Depuis mon adolescence, je m’oriente vers un parcours universitaire. Je suis sûr

de ma volonté : je souhaite devenir chercheur – mais certainement pas en

littérature, histoire ou politique. Né dans une famille allemande très francophile, je

porte un grand intérêt à l’histoire française, surtout après avoir lu le roman

Tignasse, un livre de littérature jeunesse de l’auteure Cili Wethekam sur la

Révolution Française. Mais je n’aime pas rédiger des dissertations ou des comptes

rendus. C’est plutôt la chimie qui me fascine : cette pure logique des formules dans

les livres et ces expériences en laboratoire. Cependant, comme souvent, ce sont

les professeurs qui ont une influence déterminante sur le parcours et qui font

évoluer les préférences personnelles : pour moi ce sont un professeur de chimie très

autoritaire et un professeur d’allemand et d’histoire très engagé qui me passionne

pour la République de Weimar et la littérature aux XVIIIème et IXème siècles. C’est

lui qui me confronte au national-socialisme et m’incite à trouver une réponse aux

questions centrales de l’histoire allemande contemporaine.

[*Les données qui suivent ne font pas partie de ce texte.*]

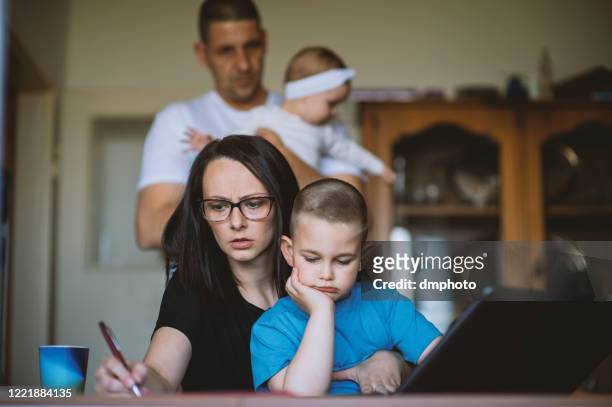 working mom using laptop as husband cares for baby - worried family stock pictures, royalty-free photos & images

Après mon service civique comme conducteur ambulancier, j’étudie

les littératures allemande et française ainsi que l’histoire franco-allemande aux

universités de Wuppertal et de Münster. Quand je porte un regard sur ce passé, je pense que

l’opportunité d’aller en France en tant qu’assistant de langue étrangère a également joué

un rôle essentiel. Ce programme offre une expérience très enrichissante, que je ne

peux que conseiller. Ce n’est qu’avec cette expérience que le cinéma français, les

bandes dessinées franco-belges et surtout la chanson française me sont devenues

familiers. J’ai encore des souvenirs vifs d’un concert de Léo Ferré, dont j’ai acheté

après tous les disques.

Cependant, à mon retour de France, les choses deviennent sérieuses. Après

mon master, un professeur d’histoire contemporaine me propose un poste de

chercheur à l’Université de Münster et de m’inscrire au doctorat. En 1996, j’obtiens le doctorat (avec une thèse sur l’histoire de la RDA) et en 2004, l’habilitation

à diriger des recherches (avec un travail sur le Second Empire allemand).

Ensuite, j’enseigne l’histoire contemporaine européenne à Münster, à l’Université

de Californie à San Diego et à l’Université de Fribourg en Allemagne. Depuis 2013 enfin, j’enseigne à la Sorbonne Nouvelle.